Prompt
Look through the listing below for the line containing "yassinr Morocco Man from Rabat". Copy it and each line after it up to and including the line containing "Nuevo Zenit Calahorra", exactly, leaving out pictures.

Records shown
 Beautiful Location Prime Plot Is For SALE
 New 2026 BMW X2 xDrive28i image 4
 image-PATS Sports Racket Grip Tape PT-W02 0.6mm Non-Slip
--
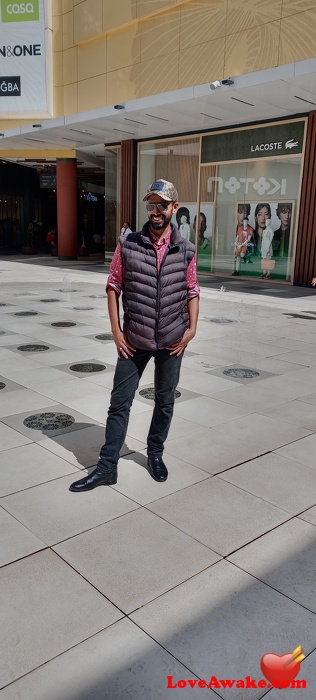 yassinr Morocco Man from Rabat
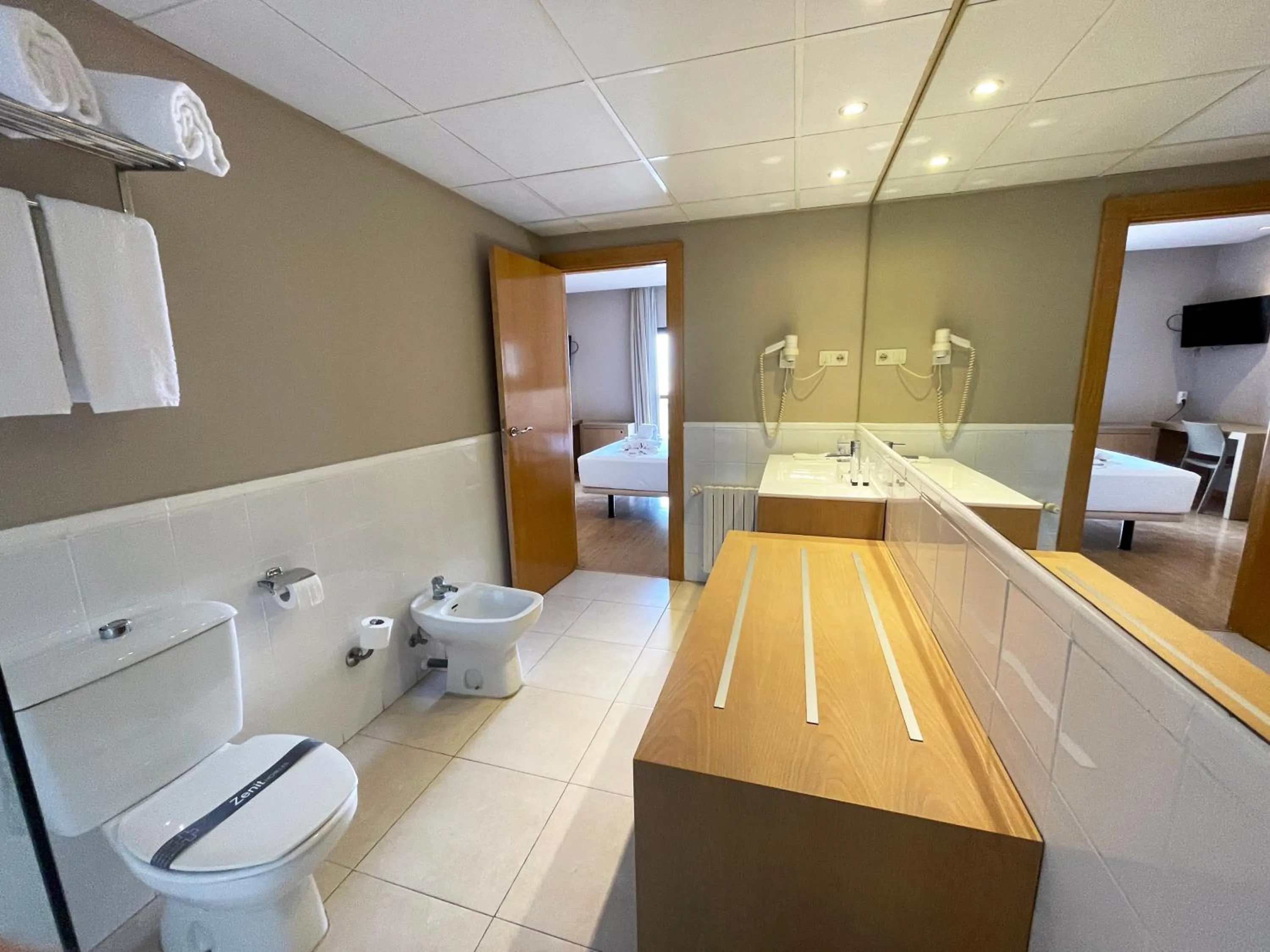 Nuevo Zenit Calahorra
==
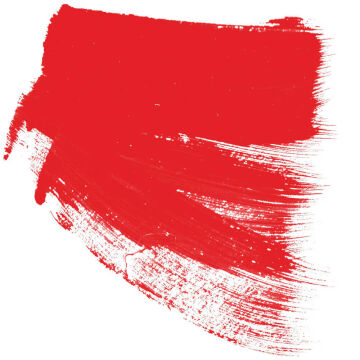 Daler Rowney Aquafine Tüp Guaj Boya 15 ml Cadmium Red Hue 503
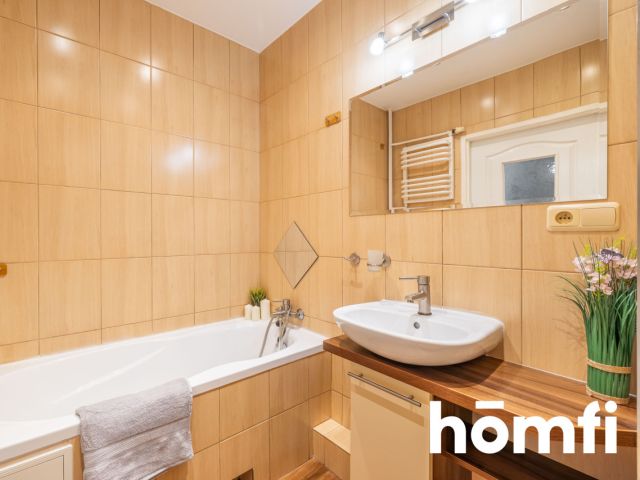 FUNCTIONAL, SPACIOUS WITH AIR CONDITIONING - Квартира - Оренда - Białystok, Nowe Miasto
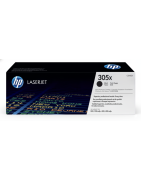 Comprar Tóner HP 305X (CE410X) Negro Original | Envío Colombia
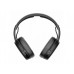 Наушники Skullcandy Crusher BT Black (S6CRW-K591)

Response below
 yassinr Morocco Man from Rabat
 Nuevo Zenit Calahorra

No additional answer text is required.